Exercise data:
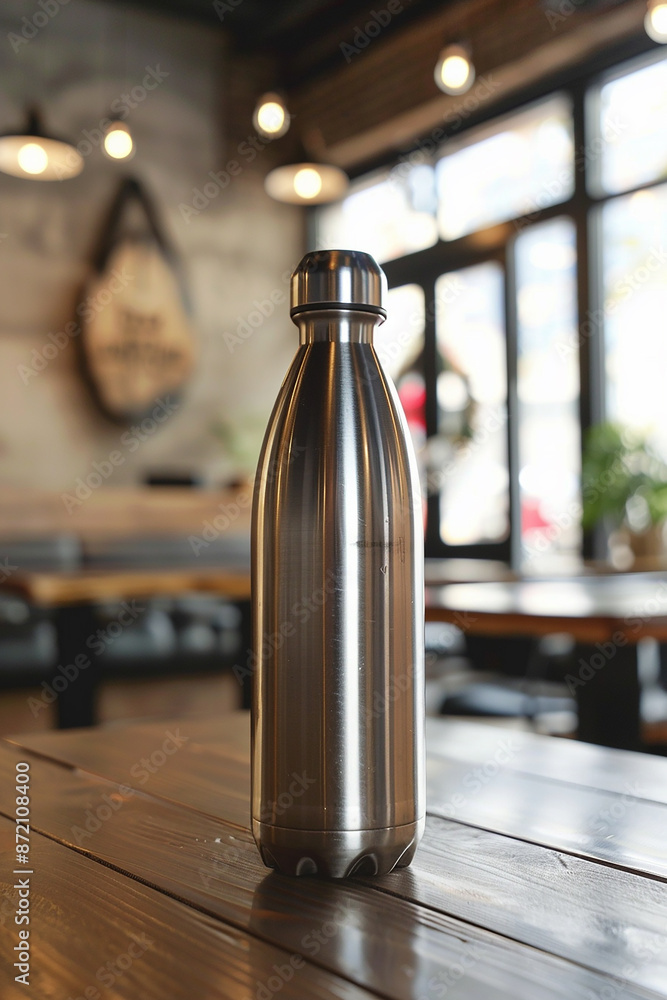 aluminium drinking water bottle on a wooden table generated by AI aluminium drinking water bottle on a wooden table generated by AI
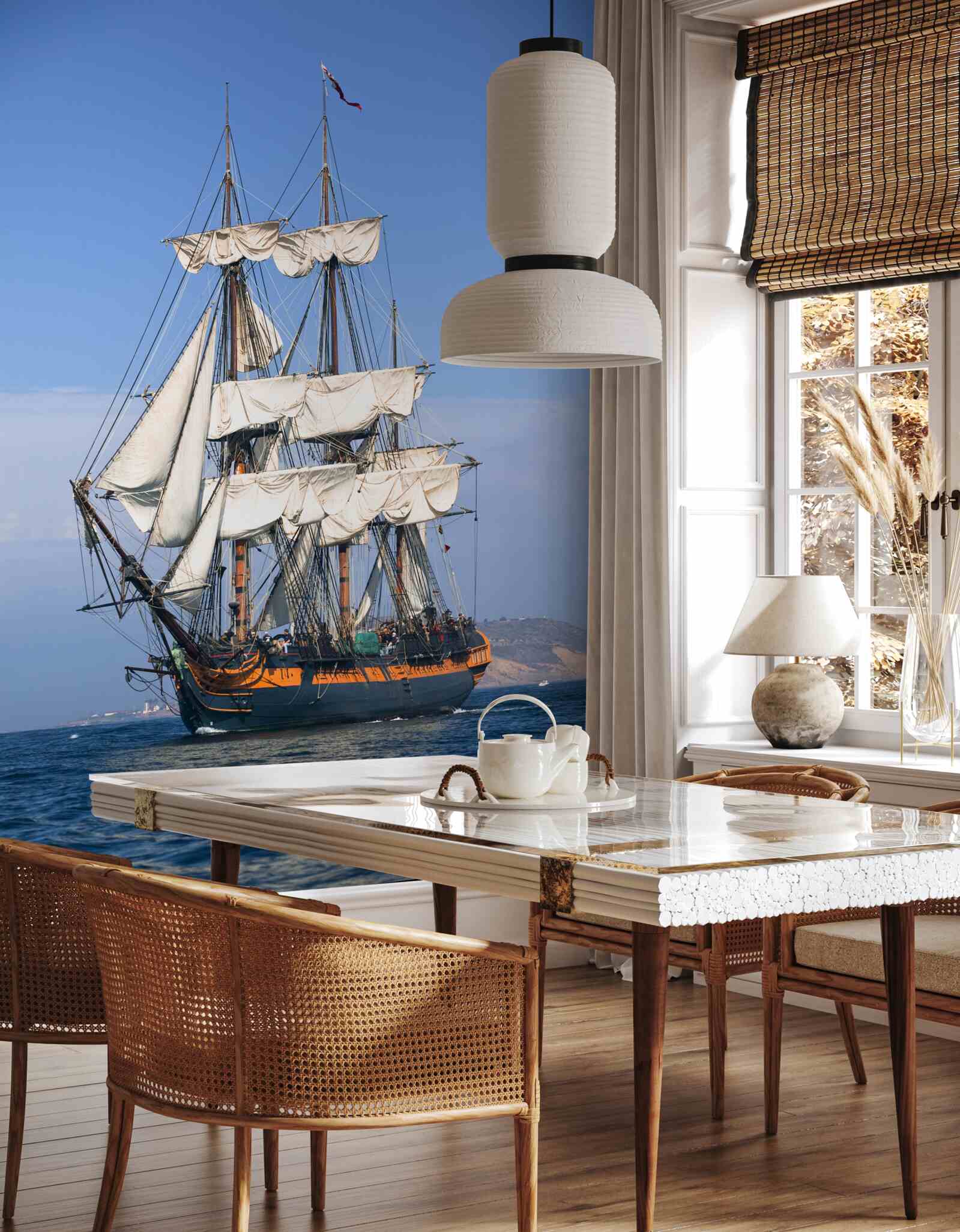 Fototapet velier mare care așteaptă vântul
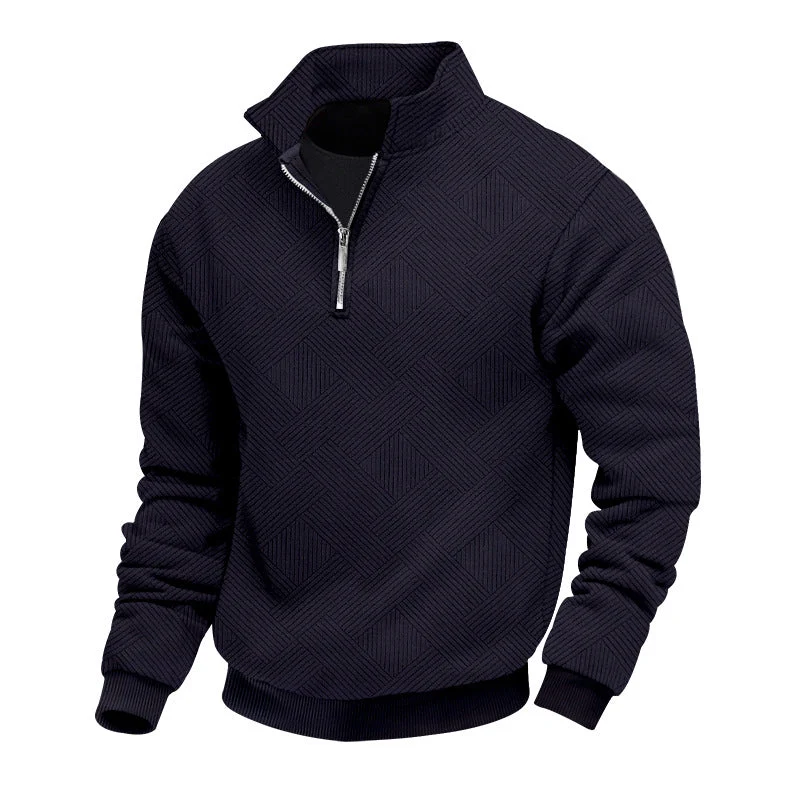 Herren hochwertiger Strickpullover mit Stehkragen und modischem Reißverschluss Drune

Task details: Skipping any pictures, transcribe the full listing exactly.

Output:
 aluminium drinking water bottle on a wooden table generated by AI aluminium drinking water bottle on a wooden table generated by AI
 Fototapet velier mare care așteaptă vântul
 Herren hochwertiger Strickpullover mit Stehkragen und modischem Reißverschluss Drune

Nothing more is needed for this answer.